Funny. I want it to go by fast.
I can’t wait for this little guy to be big enough to go surfing with me, to hike with us and spot his first ‘apapane, to help me bake sugar cookies, to pick out his own books at the bookstore, to jump in my arms and hug me until I can’t breathe. (My husband would like him to change his own diaper; that would definitely be nice.)
Sure, I’ve enjoyed moments during these first three months. But they’re moments. He sleeps a lot — which, I’m not going to lie, is really nice — and, for the first few weeks, he wasn’t quite aware of what was happening around him. His world was very, very small, his sight limited to shapes and light.
Now, though, he looks at me, responds to my smile, reaches for his toys, listens as I read him books, even laughs when Indy licks his ears. It makes all the sleepless nights and zombie days so worthwhile.
Still. I want him to grow up.
It’s interesting, though, how much has changed in such a short amount of time. Every week he’s different, he’s older, he learns something new. This week, for example, he found his thumb. Next week, who knows!
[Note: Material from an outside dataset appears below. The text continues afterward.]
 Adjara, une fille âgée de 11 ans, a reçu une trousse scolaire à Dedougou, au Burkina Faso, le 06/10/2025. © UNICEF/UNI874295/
And we’ve changed, too, and we’re constantly learning something new. This week, I learned that preschools are expensive (like, $1,000 a month) and some are already filled in two years. (I was told I should have applied when I was pregnant. That’s insane.) I’ve also learned that not all children’s books are created equal; some are actually lame. And I’ve learned that babies — or, at least mine — love techno music. Just trust me on that.
But there’s a lot I still need to learn — or accept.
I’m still struggling with this new lifestyle. I can’t just hit the surf in the morning or meet up with friends — not without securing childcare in advance or packing a diaper bag full of emergency items including a change of clothes for me. (Yes, poop happens.) I’m watching friends on Facebook travel to exotic places or writing books or saving monk seals. Not me. I’m wiping butts (at least a cute one) and wondering when the last time it was that I shaved my legs. Or where my razor is.
But it’ll come. The adjustment, the change, the acceptance that life will forever be different. Better.
Maybe I’ll learn that next month.
I don’t think everyone wishes their kids were kids forever. I have asked Chris if he is sad that his kids are growing up and he always answer “no”. “Do you ever miss them being 4 and cute and sweet again.” “No.” Maybe it’s a mom thing.
Both of my kids are adults and have their own life. My daughter lives here but on her own and my son lives in San Diego. Miss them being around the house sometimes and doing things together.
My oldest son’s (7) first baby tooth fell out yesterday. I’m sad he is growing up so fast. I guess it’s because the more he grows the closer to old I get. In 10 years he will be 17 he is now closer to 10 than 3. Where did my cute little tiny baby go?
We would go to Japan just for the food! Comment you on creating memories with your little one!